# Instructions to follow:
Write out exactly the lines of the entries below, from the first through the line containing "Pink jacket/sweater with white pearls.", and nothing beyond them.

# Provided entries:
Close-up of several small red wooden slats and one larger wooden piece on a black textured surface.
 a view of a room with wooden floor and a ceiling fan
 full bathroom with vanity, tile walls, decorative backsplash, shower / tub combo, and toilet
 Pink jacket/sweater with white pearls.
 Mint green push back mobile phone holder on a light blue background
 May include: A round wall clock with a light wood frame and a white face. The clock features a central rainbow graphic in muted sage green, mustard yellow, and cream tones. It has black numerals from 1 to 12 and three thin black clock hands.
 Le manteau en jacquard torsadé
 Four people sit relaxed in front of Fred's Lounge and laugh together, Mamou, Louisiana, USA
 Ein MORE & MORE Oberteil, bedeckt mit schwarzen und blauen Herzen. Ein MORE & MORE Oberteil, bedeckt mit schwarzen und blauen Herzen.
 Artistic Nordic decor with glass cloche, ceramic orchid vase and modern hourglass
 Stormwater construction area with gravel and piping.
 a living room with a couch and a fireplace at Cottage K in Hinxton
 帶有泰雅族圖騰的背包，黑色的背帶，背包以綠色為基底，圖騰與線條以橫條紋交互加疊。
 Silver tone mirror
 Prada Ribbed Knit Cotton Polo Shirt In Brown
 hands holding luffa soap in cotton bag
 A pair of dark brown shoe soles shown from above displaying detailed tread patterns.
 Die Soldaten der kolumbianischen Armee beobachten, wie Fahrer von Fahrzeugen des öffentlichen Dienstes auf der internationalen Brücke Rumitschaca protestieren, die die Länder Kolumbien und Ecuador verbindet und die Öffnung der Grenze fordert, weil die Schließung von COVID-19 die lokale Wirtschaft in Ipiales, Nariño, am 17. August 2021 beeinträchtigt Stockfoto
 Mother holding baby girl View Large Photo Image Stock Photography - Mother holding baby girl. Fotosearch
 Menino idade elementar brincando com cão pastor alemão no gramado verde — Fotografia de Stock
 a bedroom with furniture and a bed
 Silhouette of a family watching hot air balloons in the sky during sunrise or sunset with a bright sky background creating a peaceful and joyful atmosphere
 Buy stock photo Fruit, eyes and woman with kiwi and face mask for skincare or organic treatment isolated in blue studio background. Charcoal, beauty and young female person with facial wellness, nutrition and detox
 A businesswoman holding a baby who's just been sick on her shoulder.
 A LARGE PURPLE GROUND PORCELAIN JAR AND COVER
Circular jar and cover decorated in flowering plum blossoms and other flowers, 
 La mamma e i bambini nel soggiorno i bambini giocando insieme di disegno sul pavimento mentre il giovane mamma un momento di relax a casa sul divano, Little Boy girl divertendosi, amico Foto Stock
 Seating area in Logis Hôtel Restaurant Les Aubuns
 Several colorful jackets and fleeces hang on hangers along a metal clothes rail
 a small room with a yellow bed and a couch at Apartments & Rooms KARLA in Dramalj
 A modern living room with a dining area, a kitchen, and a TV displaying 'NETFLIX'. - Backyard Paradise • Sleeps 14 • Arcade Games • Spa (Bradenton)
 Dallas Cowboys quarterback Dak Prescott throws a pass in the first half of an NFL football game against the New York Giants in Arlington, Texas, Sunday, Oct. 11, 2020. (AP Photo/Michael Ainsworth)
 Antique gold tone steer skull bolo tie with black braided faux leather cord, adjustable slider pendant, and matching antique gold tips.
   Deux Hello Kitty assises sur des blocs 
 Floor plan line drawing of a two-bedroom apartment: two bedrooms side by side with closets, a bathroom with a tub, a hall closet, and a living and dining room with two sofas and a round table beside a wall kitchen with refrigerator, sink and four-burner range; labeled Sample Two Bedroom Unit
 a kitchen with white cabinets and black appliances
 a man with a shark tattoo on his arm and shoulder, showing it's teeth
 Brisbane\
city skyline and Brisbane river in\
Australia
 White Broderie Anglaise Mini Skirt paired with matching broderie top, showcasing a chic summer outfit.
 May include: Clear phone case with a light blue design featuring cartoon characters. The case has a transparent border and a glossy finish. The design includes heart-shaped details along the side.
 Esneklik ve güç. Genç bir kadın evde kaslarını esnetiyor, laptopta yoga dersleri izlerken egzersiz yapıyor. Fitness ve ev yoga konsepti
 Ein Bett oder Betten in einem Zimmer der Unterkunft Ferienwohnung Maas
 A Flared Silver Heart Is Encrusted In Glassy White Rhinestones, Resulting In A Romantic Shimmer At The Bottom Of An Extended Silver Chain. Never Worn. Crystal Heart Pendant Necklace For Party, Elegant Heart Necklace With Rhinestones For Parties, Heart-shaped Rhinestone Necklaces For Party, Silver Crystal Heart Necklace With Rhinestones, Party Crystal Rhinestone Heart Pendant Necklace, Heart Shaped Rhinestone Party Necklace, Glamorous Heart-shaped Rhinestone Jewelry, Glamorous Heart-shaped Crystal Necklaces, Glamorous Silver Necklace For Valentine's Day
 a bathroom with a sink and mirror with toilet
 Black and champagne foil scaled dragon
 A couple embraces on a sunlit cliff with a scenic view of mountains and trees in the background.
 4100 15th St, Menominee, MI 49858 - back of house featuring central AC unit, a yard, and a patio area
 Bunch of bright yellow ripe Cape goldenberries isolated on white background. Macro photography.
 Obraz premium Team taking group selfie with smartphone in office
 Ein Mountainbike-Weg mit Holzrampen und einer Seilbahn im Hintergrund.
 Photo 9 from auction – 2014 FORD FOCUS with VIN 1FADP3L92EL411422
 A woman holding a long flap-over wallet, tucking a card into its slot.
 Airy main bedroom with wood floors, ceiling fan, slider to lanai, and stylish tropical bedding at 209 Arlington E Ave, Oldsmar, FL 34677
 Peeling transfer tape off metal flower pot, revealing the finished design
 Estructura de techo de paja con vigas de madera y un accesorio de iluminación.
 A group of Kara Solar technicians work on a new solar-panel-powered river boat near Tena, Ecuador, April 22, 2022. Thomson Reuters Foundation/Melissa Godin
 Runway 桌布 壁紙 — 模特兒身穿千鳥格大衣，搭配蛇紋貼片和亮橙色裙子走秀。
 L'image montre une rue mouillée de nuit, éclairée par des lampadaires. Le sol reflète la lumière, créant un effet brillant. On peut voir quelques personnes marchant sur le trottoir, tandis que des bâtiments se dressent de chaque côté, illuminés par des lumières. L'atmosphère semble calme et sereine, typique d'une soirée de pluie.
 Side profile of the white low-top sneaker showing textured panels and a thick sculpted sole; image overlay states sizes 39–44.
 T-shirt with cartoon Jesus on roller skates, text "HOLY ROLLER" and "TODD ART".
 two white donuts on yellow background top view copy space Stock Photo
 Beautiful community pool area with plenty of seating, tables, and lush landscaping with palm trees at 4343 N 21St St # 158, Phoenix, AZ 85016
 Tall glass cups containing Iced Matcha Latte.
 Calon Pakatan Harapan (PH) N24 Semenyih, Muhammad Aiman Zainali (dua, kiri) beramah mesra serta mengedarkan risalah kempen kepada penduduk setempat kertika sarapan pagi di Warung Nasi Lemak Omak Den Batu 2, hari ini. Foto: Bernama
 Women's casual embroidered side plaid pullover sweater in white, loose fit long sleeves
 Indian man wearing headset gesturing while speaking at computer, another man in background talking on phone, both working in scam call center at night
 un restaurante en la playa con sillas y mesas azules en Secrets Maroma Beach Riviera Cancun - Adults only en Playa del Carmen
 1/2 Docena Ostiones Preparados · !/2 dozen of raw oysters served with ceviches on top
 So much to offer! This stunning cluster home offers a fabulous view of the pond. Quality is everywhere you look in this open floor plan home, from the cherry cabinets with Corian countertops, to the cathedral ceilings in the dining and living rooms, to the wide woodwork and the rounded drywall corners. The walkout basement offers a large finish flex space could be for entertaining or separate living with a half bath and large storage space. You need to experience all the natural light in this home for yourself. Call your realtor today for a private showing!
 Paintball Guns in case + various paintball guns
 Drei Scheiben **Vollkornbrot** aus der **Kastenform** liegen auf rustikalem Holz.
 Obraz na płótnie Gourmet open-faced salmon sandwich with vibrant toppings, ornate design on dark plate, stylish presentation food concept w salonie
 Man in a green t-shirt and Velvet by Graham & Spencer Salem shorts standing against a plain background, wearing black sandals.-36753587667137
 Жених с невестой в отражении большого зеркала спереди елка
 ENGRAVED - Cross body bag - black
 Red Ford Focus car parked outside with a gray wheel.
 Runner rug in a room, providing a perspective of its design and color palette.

# Response:
Close-up of several small red wooden slats and one larger wooden piece on a black textured surface.
 a view of a room with wooden floor and a ceiling fan
 full bathroom with vanity, tile walls, decorative backsplash, shower / tub combo, and toilet
 Pink jacket/sweater with white pearls.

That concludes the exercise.